Elizabeth Edwards, who catapulted into the public eye in 2004 when her husband, Sen. John Edwards, ran for president on the Democratic ticket, is being remembered for her fortitude and grace.
Over the past few years, Edwards wrote two best-selling books, fought a well-publicized battle against cancer and saw her marriage crumble after her husband fathered a child with another woman. Edwards died Tuesday at age 61.
"Many others would have turned inward; many others in the face of such adversity would have given up," President Obama said in a statement. "But through all that she endured, Elizabeth revealed a kind of fortitude and grace that will long remain a source of inspiration."
Secretary of State Hillary Clinton, one of John Edwards' rivals for the Democratic nomination in 2008, said, "America has lost a passionate advocate for building a more humane and just society, for reforming our health care system, and for finding a cure for cancer once and for all."
Vice President Joe Biden called her "an inspiration to all who knew her."
A public figure to the end, Edwards said goodbye to her network of supporters the day before, online, after doctors had concluded they could do no more to save her.
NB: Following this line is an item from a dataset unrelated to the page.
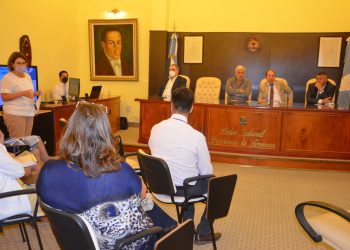 La Justicia informatizará trámites y se podrá acceder desde una PC o un celular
They figured she might have weeks at best; she lived hours.
John Edwards, the man she had advised as a strategist and supported as a spouse through a Senate campaign and two runs for the presidency, joined the family by her side. The couple had separated about a year ago.
David "Mudcat" Saunders, a political adviser and friend of the family, said Elizabeth Edwards' health rapidly deteriorated over the last few weeks. During that period, her estranged husband and their adult daughter, Cate, came to be with her, Saunders said.
Even for a public figure, Edwards led an extraordinarily public life. Not only did she do the things most political spouses do -- the fundraisers and the luncheon speeches and the campaign rallies -- but she also allowed the country to share her personal struggles. She wrote candidly about the death of her teenage son. She spoke openly about having cancer -- even holding a news conference with her doctor to announce her diagnosis. And after her husband confessed to an affair, she went on the talk-show circuit, explaining in a 2009 NPR interview that she hoped to help others by talking about her pain.
"One of the reasons that I sort of tried to share that with people is I wanted maybe to open the eyes of people who haven't been through the experience and maybe feel tempted to say, 'This is what you're doing to the person you love,' " she said. " 'This is the private hell you’re going to send them into if they do discover the ways in which you have betrayed them.' "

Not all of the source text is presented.